# WORK TO BE COMPLETED
The response should be a precise copy of every entry.

# ENTRIES SUPPLIED
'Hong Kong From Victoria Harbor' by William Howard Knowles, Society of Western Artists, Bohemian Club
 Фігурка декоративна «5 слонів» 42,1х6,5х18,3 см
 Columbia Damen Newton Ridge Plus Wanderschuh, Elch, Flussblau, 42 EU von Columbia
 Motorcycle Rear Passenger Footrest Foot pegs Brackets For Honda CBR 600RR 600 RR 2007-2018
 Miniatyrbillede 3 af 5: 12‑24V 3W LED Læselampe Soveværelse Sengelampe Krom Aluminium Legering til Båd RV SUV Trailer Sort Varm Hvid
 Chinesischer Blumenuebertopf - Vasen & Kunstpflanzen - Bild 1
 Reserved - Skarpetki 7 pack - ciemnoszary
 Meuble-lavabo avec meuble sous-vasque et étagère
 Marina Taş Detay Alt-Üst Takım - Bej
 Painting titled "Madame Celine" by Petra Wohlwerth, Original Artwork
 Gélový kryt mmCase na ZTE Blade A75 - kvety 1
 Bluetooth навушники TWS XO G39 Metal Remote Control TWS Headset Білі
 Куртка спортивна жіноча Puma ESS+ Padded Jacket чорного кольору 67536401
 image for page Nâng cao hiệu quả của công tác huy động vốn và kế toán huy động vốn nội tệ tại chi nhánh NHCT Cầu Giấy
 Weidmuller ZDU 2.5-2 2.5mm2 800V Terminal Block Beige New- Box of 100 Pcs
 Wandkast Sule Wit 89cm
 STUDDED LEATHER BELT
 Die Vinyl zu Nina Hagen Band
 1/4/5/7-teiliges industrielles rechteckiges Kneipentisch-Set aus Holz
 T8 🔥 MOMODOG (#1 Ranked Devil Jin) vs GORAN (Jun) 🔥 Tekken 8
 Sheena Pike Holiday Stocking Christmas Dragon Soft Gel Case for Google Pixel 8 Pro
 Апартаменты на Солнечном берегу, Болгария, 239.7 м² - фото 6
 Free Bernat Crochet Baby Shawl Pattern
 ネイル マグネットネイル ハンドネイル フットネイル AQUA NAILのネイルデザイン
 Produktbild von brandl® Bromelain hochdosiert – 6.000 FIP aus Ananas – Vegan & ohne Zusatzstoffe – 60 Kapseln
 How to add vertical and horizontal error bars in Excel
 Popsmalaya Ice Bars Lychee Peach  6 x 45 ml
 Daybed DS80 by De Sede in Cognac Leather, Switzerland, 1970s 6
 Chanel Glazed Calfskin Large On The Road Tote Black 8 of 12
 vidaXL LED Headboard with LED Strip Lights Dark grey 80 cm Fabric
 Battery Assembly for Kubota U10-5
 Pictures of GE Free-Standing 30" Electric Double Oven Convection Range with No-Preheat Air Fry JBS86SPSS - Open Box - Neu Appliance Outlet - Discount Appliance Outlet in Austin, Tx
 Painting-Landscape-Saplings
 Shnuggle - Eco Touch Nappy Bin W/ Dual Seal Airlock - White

# ANSWER FOR THE TASK
'Hong Kong From Victoria Harbor' by William Howard Knowles, Society of Western Artists, Bohemian Club
 Фігурка декоративна «5 слонів» 42,1х6,5х18,3 см
 Columbia Damen Newton Ridge Plus Wanderschuh, Elch, Flussblau, 42 EU von Columbia
 Motorcycle Rear Passenger Footrest Foot pegs Brackets For Honda CBR 600RR 600 RR 2007-2018
 Miniatyrbillede 3 af 5: 12‑24V 3W LED Læselampe Soveværelse Sengelampe Krom Aluminium Legering til Båd RV SUV Trailer Sort Varm Hvid
 Chinesischer Blumenuebertopf - Vasen & Kunstpflanzen - Bild 1
 Reserved - Skarpetki 7 pack - ciemnoszary
 Meuble-lavabo avec meuble sous-vasque et étagère
 Marina Taş Detay Alt-Üst Takım - Bej
 Painting titled "Madame Celine" by Petra Wohlwerth, Original Artwork
 Gélový kryt mmCase na ZTE Blade A75 - kvety 1
 Bluetooth навушники TWS XO G39 Metal Remote Control TWS Headset Білі
 Куртка спортивна жіноча Puma ESS+ Padded Jacket чорного кольору 67536401
 image for page Nâng cao hiệu quả của công tác huy động vốn và kế toán huy động vốn nội tệ tại chi nhánh NHCT Cầu Giấy
 Weidmuller ZDU 2.5-2 2.5mm2 800V Terminal Block Beige New- Box of 100 Pcs
 Wandkast Sule Wit 89cm
 STUDDED LEATHER BELT
 Die Vinyl zu Nina Hagen Band
 1/4/5/7-teiliges industrielles rechteckiges Kneipentisch-Set aus Holz
 T8 🔥 MOMODOG (#1 Ranked Devil Jin) vs GORAN (Jun) 🔥 Tekken 8
 Sheena Pike Holiday Stocking Christmas Dragon Soft Gel Case for Google Pixel 8 Pro
 Апартаменты на Солнечном берегу, Болгария, 239.7 м² - фото 6
 Free Bernat Crochet Baby Shawl Pattern
 ネイル マグネットネイル ハンドネイル フットネイル AQUA NAILのネイルデザイン
 Produktbild von brandl® Bromelain hochdosiert – 6.000 FIP aus Ananas – Vegan & ohne Zusatzstoffe – 60 Kapseln
 How to add vertical and horizontal error bars in Excel
 Popsmalaya Ice Bars Lychee Peach  6 x 45 ml
 Daybed DS80 by De Sede in Cognac Leather, Switzerland, 1970s 6
 Chanel Glazed Calfskin Large On The Road Tote Black 8 of 12
 vidaXL LED Headboard with LED Strip Lights Dark grey 80 cm Fabric
 Battery Assembly for Kubota U10-5
 Pictures of GE Free-Standing 30" Electric Double Oven Convection Range with No-Preheat Air Fry JBS86SPSS - Open Box - Neu Appliance Outlet - Discount Appliance Outlet in Austin, Tx
 Painting-Landscape-Saplings
 Shnuggle - Eco Touch Nappy Bin W/ Dual Seal Airlock - White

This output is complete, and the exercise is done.